There will be considerable confusion here, since the possessives of many objects like "the woman's glove" use an apostrophe followed by an "s", but in the case of "its" we just use the "s", as in "The door creaks because its hinges are rusty". In other words, "it" is similar to "he", "she", and "you". He, she, you, it; his, hers, yours, its.

On the other hand, "it's" is used in the place of "it is". Like, instead of saying "It is a monster!", you can just say "It's a monster!", which is a much easier thing to say when you're busy running away in terror.

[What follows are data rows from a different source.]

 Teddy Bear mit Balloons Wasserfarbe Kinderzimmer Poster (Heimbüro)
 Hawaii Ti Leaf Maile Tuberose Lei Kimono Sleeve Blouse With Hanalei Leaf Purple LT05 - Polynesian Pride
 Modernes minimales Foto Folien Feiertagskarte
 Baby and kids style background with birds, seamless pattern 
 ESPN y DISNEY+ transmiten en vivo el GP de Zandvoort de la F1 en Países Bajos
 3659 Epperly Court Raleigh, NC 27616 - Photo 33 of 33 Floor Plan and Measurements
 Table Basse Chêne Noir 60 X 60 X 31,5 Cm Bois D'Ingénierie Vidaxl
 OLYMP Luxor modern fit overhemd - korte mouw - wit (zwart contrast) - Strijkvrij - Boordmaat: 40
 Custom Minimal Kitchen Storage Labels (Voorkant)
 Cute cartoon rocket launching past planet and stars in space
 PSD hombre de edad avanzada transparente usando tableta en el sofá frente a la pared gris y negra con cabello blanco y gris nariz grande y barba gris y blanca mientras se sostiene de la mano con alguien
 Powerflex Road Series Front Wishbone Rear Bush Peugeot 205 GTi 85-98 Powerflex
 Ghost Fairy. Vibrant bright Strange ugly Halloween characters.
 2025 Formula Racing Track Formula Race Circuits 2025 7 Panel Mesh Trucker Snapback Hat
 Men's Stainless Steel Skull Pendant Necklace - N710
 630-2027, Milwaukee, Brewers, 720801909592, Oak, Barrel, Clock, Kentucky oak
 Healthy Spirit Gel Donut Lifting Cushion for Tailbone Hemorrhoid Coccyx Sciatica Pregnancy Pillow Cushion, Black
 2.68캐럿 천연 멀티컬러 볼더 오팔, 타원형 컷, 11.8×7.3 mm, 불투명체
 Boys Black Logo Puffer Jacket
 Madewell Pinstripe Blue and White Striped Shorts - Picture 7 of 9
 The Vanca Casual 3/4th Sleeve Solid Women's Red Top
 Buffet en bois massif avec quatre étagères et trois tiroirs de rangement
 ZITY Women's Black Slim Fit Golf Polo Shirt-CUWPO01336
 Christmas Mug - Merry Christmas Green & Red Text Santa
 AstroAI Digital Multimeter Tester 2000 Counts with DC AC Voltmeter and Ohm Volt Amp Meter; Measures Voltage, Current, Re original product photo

That would be it for our lesson tonight. Of course, as any teacher would, I hope that everything I've said will be meaningful to someone, and that people will be able to learn from the words that are formed by my lips, or in this case, my fingertips. Well, helpful or no, tonight's English lesson certainly benefited me, if not anyone else, so I am not discouraged from trying again next Thursday, in accordance with the timetable. If you like my English lesson (which would be a dream come true), then you'll know to come back next Thursday night, although Friday might be a better day, since my updates may be quite late at night. Or if you absolutely hated this lecture, which I anxiously expect and am well prepared for, then you'll know not to bother visiting next Thursday. Either way, thank you for reading, and I'm terribly sorry if I made any English errors while trying to teach English - talk about the crab that teaches its child to walk straight - and I hope you'll point them out to me. Thanks for reading, and good night.